Corría sin tomar las precauciones que se había procurado en el trayecto de ida. Aunque se sabía mucho más expuesto, prefería correr ese riesgo a retrasarse todavía más. Tanta era la diferencia que ya podía ver algunos de los desbaratados tolmos de piedra del berrocal donde se había quedado la niña.
—¡Ilduara!… ¡Ilduara!
Quiso oír lo que no se podía oír. Nadie contestaba.
—¡Ilduara! ¡Linda dama!
La abertura de la oquedad entre las grandes moles de granito en la que se había escondido la pequeña estaba a unos pocos pasos más. Ya solo tenía que dar la vuelta.
—¡Linda dama! —gritó forzando una sonrisa de anticipación en un rostro tenso y contraído.

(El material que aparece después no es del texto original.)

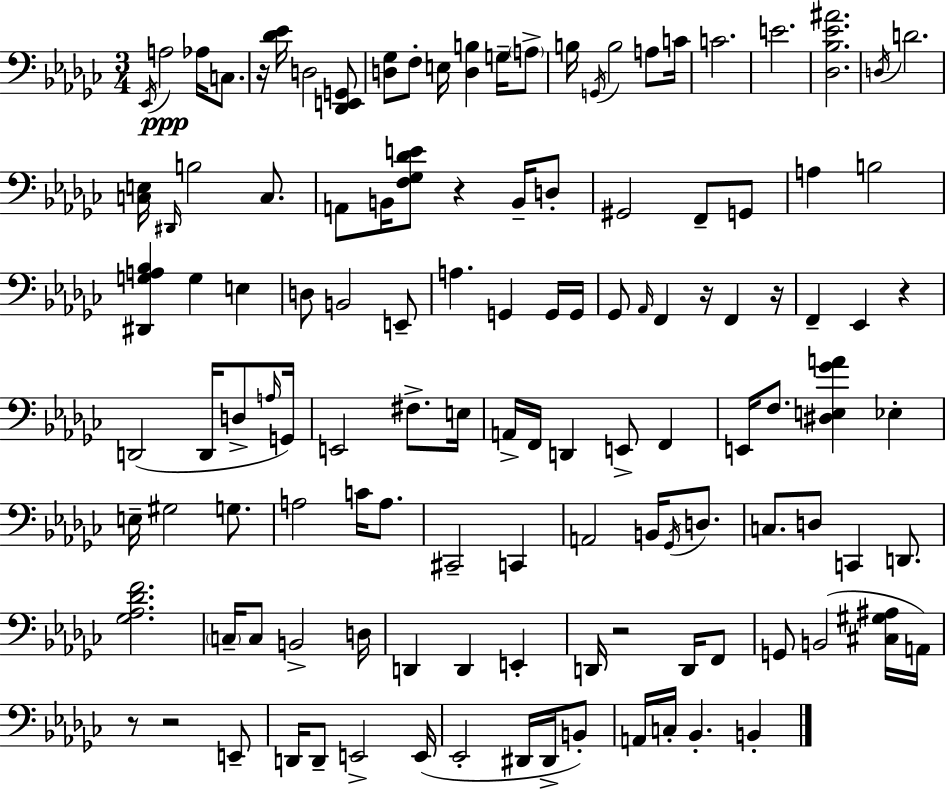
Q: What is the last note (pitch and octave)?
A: B2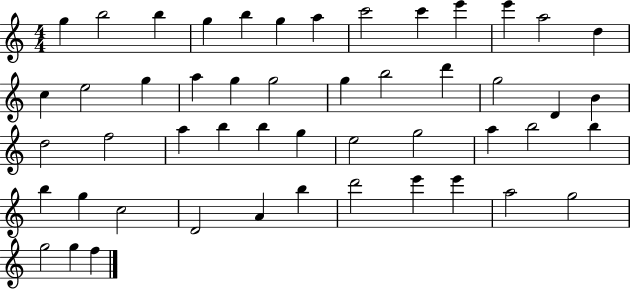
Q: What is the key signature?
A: C major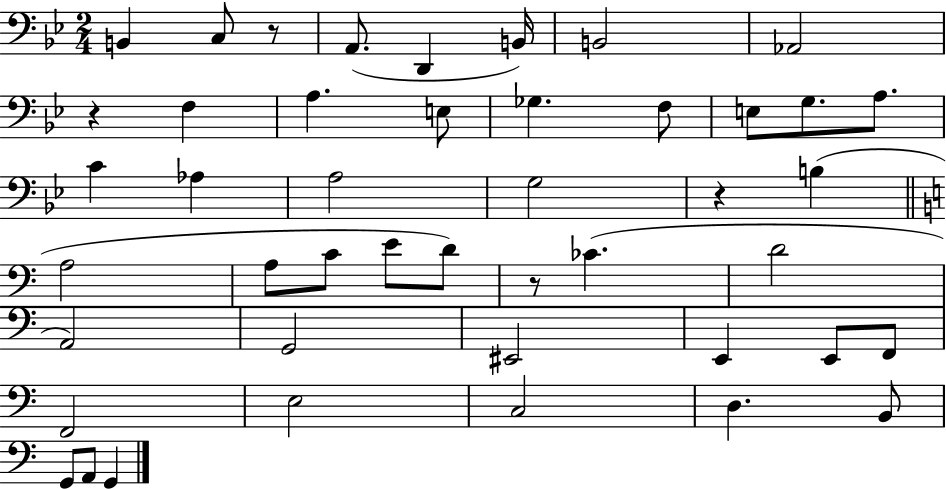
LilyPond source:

{
  \clef bass
  \numericTimeSignature
  \time 2/4
  \key bes \major
  b,4 c8 r8 | a,8.( d,4 b,16) | b,2 | aes,2 | \break r4 f4 | a4. e8 | ges4. f8 | e8 g8. a8. | \break c'4 aes4 | a2 | g2 | r4 b4( | \break \bar "||" \break \key a \minor a2 | a8 c'8 e'8 d'8) | r8 ces'4.( | d'2 | \break a,2) | g,2 | eis,2 | e,4 e,8 f,8 | \break f,2 | e2 | c2 | d4. b,8 | \break g,8 a,8 g,4 | \bar "|."
}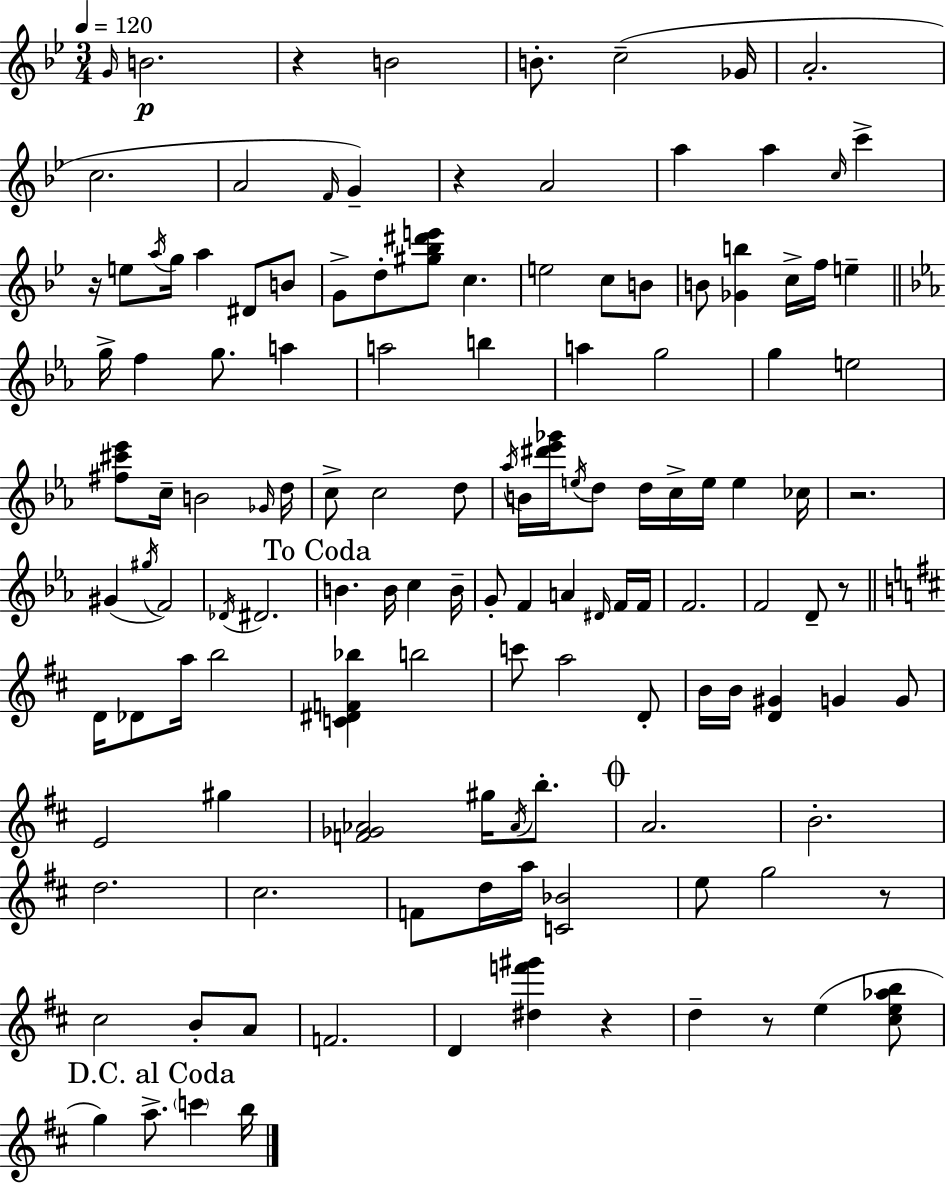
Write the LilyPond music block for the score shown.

Estaba vacío. No había nadie. No estaba Ilduara. Y tampoco el hijo del sayón. Furco olisqueaba contento el interior de la cavidad, reconociendo el olor familiar de la pequeña y demostrando ansia por verla.

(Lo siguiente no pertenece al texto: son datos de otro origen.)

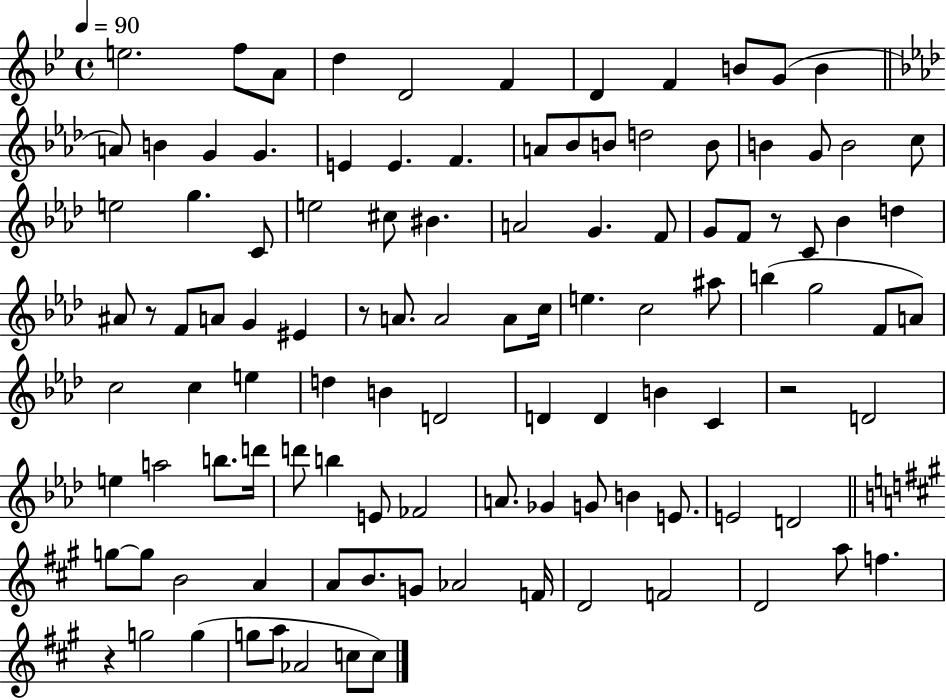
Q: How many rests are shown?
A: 5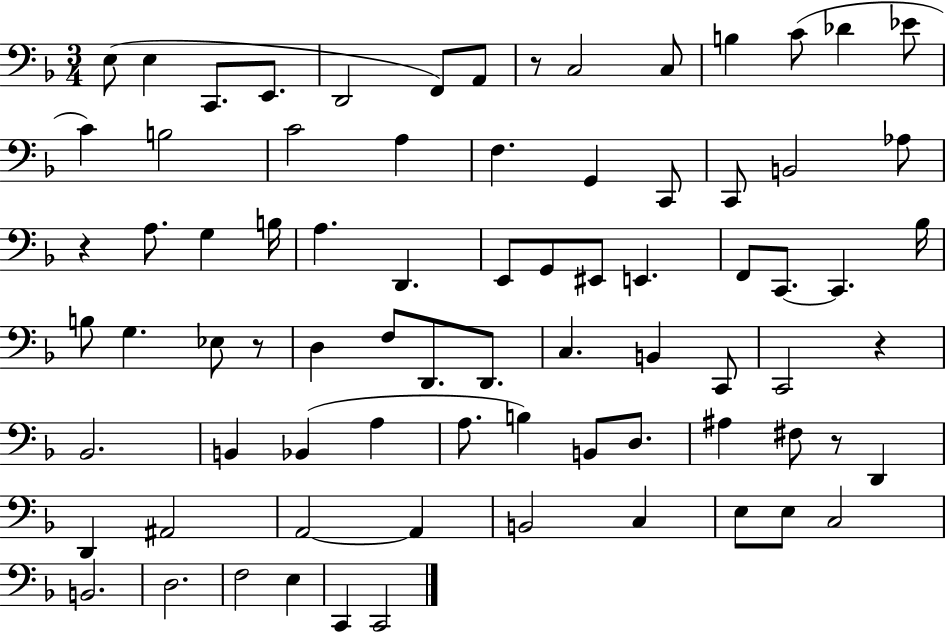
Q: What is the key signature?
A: F major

Assur caminaba en círculos mirando en todas direcciones. Al principio no lo vio, pero poco después los signos le resultaron evidentes; las ramas rotas, los rastrojos pisoteados. Se desesperó y empezó a correr erráticamente, dando bruscos cambios de dirección de un lado a otro. Se alejó rodeando las gigantescas rocas con una amplia vuelta.
Tenían que haber sido los normandos, grandes huellas eran testigos mudos de las botas de los nórdicos.
Intentó seguir el rastro, caminó y caminó, pero el tiempo se le agotaba y el día tendía hacia su inevitable final ciñendo sus posibilidades con un apretado bozal. Cuando creía haber encontrado la pista auténtica, pronto lo acometía la desilusión porque perdía las huellas o descubría que se había equivocado y que se trataba de un paso de ganado. Furco, leal, no se despegaba de sus talones. El lobo, sin entender lo que sucedía, iba tras su amo y obedecía, y aunque Assur intentó varias veces hacer que siguiera el rastro de la pequeña, no llegó a conclusión alguna, la pista se diluía antes o después en pasos demasiado concurridos, o cuando alcanzaban la orilla del Ulla o de cualquier otro arroyo. En una ocasión había encontrado la inconfundible pisada de uno de los finos borceguíes de Berrondo, pero nada más que le asegurase qué dirección seguir.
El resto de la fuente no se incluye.